An investor, Nguyen Ngoc Hung, told Vietnam News Agency that businesses who have shares delisted from the market must be strictly dealt with, but investors who bought shares of that business would be affected and there should be a mechanism to protect them.
According to statistics from the Vietnam Securities Depository (VSD), since the beginning of this year, 18 companies have cancelled their share listings on HOSE and HNX to switch to the Unlisted Public Company Market (UPCoM). Notably, there are more than 70 enterprises having their status as public companies cancelled and leaving the stock market.
Huynh Anh Tuan, General Director of Dong A Bank Securities Joint Stock Company, said that many of the delisting cases were related to information disclosure, business results seeing losses for three consecutive years, or accumulated total losses exceeding the amount of charter capital.
When a stock is in danger of being delisted, the stock price plummets and will reflect most of the intrinsic value of the business. When transferring the listing to UPCOM, shareholders will not have much access to information about the business. The UPCOM has low disclosure and financial reporting requirements. Most new businesses will have to publish financial statements after an entire year. However, there are still many businesses seeing their shares increase after switching to UPCOM.
“Investors must define the purpose to invest in stocks, if it is not clear, it is best to cut losses on delisted shares. If the problems that cause businesses to delist and change the exchange are not so serious, not leading to bankruptcy, there is still hope for investors to wait,” Tuan said.
Lawyer Nguyen Thanh Ha, Chairman of the Board of Directors of SBLAW Law Firm, said that according to current regulations, shares are delisted, but still meet the condition of a public company, and must register for transactions on the UPCOM system.
Enterprises whose shares are subject to mandatory delisting may only register to list again after trading for at least two years on UPCOM and fulfilling the obligations of the listing organisation.
After a stock is delisted, two cases occur. With shares that will be transferred to other exchanges after being delisted, if they move to a larger exchange, the number of shares held by investors will be converted to the new exchange and traded normally.

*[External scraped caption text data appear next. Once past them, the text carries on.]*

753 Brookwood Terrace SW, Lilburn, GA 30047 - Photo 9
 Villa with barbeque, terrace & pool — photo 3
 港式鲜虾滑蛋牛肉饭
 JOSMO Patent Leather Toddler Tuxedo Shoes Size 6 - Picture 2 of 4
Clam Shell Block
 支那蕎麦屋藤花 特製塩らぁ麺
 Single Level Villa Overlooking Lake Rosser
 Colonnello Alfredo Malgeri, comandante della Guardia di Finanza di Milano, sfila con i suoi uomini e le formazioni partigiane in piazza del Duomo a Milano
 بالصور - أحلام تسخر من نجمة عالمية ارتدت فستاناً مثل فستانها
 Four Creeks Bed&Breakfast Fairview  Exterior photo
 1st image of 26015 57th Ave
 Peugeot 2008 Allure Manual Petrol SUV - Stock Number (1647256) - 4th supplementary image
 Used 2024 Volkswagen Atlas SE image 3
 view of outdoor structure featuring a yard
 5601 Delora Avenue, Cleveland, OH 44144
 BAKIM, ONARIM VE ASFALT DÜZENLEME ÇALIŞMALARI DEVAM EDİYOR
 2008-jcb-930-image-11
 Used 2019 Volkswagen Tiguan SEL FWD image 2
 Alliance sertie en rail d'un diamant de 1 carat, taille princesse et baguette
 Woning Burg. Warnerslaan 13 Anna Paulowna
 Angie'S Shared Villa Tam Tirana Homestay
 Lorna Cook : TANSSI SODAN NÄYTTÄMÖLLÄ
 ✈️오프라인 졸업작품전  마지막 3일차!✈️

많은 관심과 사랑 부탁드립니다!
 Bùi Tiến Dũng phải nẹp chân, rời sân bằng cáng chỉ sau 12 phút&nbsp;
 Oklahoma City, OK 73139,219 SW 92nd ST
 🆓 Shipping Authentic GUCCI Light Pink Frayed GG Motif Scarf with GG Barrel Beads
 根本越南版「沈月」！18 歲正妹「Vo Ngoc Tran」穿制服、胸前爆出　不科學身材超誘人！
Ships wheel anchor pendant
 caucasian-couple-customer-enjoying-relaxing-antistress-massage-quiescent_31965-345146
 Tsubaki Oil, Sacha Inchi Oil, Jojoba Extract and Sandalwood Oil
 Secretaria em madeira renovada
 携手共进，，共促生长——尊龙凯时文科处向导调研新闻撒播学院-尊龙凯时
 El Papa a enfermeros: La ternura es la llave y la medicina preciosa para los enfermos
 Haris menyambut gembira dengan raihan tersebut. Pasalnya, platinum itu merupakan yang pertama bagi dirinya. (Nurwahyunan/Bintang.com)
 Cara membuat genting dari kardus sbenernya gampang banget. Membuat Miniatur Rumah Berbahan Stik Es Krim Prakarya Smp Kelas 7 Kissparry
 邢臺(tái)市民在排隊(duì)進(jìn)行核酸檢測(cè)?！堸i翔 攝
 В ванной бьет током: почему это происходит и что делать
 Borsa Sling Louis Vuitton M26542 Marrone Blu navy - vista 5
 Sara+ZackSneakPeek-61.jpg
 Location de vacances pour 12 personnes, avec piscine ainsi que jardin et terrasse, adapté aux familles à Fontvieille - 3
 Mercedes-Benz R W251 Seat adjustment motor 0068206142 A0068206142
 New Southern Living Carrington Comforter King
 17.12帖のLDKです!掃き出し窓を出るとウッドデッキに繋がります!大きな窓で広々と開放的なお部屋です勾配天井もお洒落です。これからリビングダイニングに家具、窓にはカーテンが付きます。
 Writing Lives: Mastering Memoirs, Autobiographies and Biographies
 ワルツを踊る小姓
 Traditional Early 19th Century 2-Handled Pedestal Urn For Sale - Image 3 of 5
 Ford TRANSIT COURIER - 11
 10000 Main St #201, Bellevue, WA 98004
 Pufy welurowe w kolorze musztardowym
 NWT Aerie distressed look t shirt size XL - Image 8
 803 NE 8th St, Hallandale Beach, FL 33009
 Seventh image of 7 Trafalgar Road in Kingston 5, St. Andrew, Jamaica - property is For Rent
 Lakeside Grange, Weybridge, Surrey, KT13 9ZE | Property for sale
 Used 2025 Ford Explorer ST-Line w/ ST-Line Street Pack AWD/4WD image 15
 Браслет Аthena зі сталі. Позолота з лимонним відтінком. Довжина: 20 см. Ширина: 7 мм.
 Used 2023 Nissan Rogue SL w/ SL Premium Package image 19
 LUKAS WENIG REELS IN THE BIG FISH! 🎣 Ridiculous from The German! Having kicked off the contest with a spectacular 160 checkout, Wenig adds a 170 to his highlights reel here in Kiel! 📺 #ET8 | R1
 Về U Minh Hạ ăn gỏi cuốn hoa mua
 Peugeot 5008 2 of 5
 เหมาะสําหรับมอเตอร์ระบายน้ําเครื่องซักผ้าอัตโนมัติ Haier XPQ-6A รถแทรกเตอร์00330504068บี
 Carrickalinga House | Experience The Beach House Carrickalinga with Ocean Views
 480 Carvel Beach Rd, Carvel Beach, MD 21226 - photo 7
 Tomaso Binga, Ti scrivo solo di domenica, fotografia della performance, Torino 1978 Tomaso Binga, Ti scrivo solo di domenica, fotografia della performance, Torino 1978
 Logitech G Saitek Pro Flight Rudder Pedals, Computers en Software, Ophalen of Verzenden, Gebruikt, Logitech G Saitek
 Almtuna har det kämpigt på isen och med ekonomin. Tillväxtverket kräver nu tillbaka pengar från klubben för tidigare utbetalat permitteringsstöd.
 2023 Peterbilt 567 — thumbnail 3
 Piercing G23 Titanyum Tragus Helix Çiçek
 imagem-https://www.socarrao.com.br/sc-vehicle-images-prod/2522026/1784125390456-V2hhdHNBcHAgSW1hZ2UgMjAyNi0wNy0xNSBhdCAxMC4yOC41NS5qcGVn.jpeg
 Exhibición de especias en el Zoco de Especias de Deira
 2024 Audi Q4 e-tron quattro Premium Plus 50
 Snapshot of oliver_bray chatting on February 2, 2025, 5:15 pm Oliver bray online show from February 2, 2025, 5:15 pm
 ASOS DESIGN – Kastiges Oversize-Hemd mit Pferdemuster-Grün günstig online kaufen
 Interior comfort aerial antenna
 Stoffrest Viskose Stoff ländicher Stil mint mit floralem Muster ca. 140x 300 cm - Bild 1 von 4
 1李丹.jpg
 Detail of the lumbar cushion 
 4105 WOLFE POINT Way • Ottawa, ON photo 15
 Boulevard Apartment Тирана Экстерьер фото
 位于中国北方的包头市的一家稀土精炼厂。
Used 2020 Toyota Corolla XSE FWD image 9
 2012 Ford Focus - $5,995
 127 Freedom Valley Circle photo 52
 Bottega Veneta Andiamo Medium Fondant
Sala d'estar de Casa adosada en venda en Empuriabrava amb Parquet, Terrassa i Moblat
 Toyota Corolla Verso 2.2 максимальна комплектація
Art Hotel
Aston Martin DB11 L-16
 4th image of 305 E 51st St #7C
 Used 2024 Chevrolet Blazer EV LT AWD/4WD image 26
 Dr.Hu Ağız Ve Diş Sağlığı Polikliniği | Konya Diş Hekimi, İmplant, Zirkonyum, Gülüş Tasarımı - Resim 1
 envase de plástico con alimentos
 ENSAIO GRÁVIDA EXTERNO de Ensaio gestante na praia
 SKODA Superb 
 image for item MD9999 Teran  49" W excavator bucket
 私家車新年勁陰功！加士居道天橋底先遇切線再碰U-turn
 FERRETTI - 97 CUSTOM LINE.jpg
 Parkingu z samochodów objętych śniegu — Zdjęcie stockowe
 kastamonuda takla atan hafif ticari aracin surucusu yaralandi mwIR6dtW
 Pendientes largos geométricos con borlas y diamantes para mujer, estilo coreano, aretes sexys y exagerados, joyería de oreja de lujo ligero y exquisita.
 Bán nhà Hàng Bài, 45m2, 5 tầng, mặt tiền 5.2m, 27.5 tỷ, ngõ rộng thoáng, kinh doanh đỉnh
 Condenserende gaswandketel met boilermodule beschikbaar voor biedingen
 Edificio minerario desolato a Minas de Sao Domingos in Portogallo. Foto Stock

If they are transferred to a smaller market, these stocks can still be registered for trading to maintain liquidity. However, if an enterprise's business deteriorates and there is a risk of bankruptcy, the result will be a serious decline in liquidity.
As for unlisted shares that are not transferred to other floors, it is very difficult for investors to transfer their shares. At that time, there are two ways to protect investors' interests. That is, the company issuing the shares must spend money to buy back these shares or the State Securities Commission will request that the shares be transferred to an unofficial or secondary exchange so that investors can continue selling them.
“Shares being delisted does not mean they are no longer valuable. Investors should also find out if the business activities of the enterprise are able to recover,” said lawyer Nguyen Thanh Ha.
Deputy General Director of Kien Thiet Securities Company Do Bao Ngoc said the stock market always had a process of screening businesses over time. Only companies with good performance and compliance with securities laws are eligible for long-term listing.
For companies that do not comply with the law, removing them from the listing would also help reduce risks for new investors, he said.
According to this expert, when a business is delisted, it will negatively affect both businesses and investors. Specifically, businesses are adversely affected by their reputation and brand image in the eyes of partners and investors. The value of shares and the company's capitalisation will decrease sharply when the information is released to the market, he said.